Soil microwave background retrieval and snow sensitivity from multi-frequency SAR observations over an agro-forested environment in northern Ontario

Abstract. Accurate retrieval of Snow Water Equivalent (SWE) using Synthetic Aperture Radar (SAR) requires effectively decoupling the signal contribution of the snowpack from that of the underlying soil. This study evaluates a multi-frequency soil parameter inversion methodology using Snow Microwave Radiative Transfer (SMRT) model in a temperate, agro-forested environment in Powassan, Ontario.
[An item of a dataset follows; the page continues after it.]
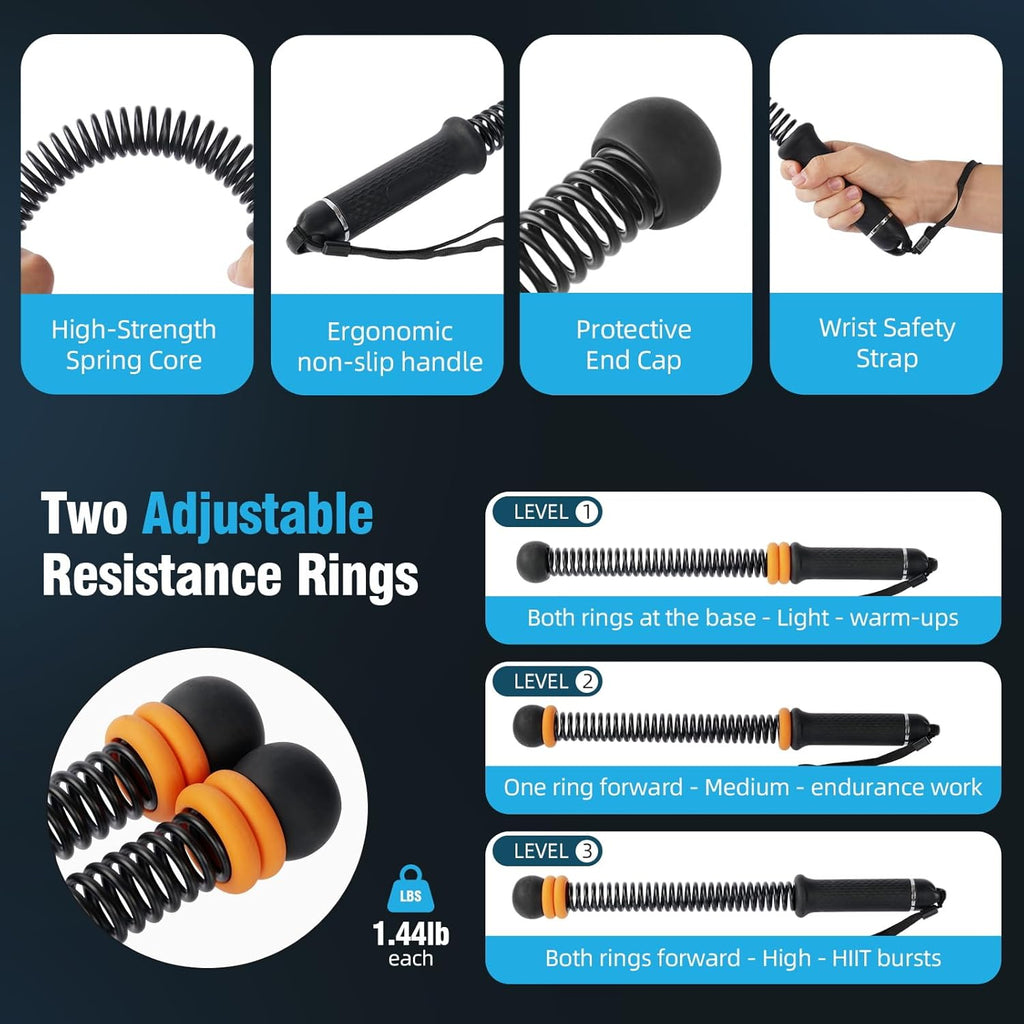 2 PCS Weighted Cordless Battle Ropes - Adjustable Resistance and Portable Ropeless Battle Ropes with Non Slip Handle - Low-Noise Exercise Rope for Instant Effective Workouts Anytime (Black)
Using multi-frequency observations from Cryospheric SAR (CryoSAR) (L-band), Radarsat Constellation Mission (RCM) (C-band), and TerraSAR-X (TSX) (X-band) acquired during the 2022/2023 winter season, soil roughness and permittivity were jointly inverted to reproduce observed backscatter. The inversion strategy, which optimizes a single time-invariant roughness per site alongside time-varying permittivity, achieved strong agreement between simulated and observed signals across frequencies (Global R² = 0.87, RMSE =1.25 dB). Sensitivity analyses reveal a clear frequency-dependant hierarchy of controls: surface roughness dominates L-band backscatter (particularly in VV polarization), soil permittivity governs C- and X-band responses, and extending the analysis to explicitly include snow properties shows that the dominant controls progressively shift to snow microstructure and depth toward Ku-band. Comparisons with in situ measurements indicate that inverted parameters represent effective values at the radar scale; specifically, inverted roughness differs from LiDAR-derived topography, suggesting the influence of basal snow layer properties. Despite complications arising from spatial heterogeneity of soil properties including freeze/thaw cycles, the results demonstrate the feasibility of retrieving soil background parameters to support future multi-frequency snow missions such as Terrestrial Snow Mass Mission (TSMM).